#### Problem to solve:
Quote word for word from the line holding "Foto: Sozopol Apartment with Sea View 18/24" to the last line below, including both, and omit any pictures.

++++++++++++++++++++

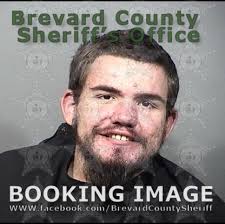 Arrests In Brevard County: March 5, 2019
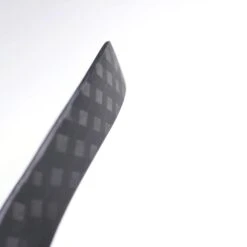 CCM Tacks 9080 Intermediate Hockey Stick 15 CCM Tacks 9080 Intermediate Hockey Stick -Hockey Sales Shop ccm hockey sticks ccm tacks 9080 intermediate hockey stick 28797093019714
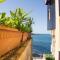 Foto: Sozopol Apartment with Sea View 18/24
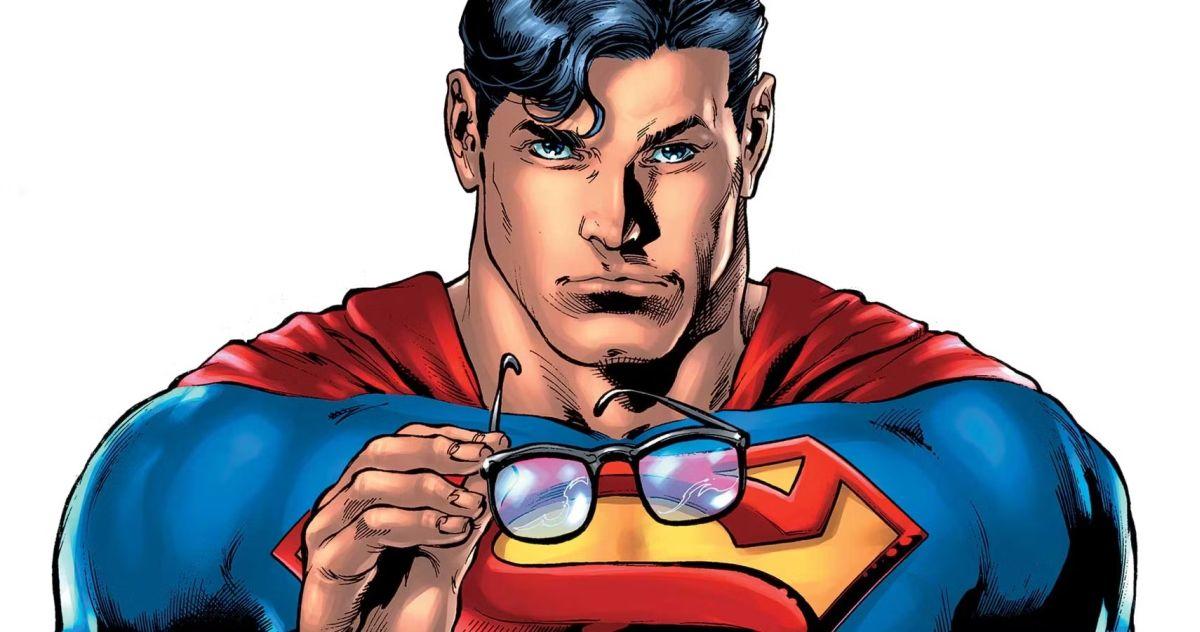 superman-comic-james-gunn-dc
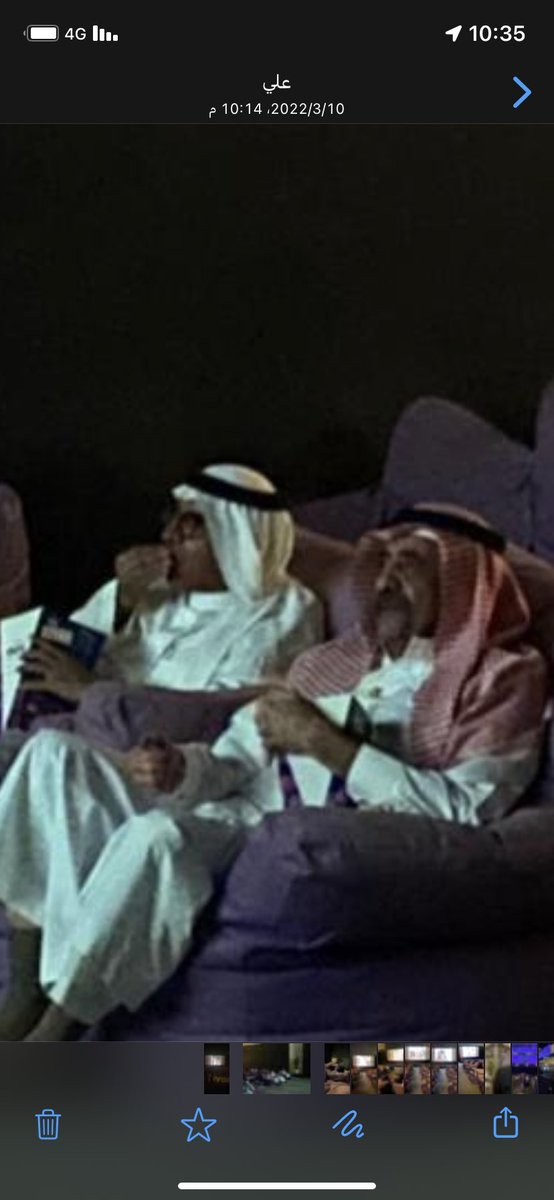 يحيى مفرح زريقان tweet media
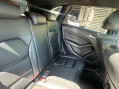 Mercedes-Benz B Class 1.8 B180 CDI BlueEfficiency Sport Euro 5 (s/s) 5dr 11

++++++++++++++++++++

#### Response to the task:
 Foto: Sozopol Apartment with Sea View 18/24
 superman-comic-james-gunn-dc
 يحيى مفرح زريقان tweet media
 Mercedes-Benz B Class 1.8 B180 CDI BlueEfficiency Sport Euro 5 (s/s) 5dr 11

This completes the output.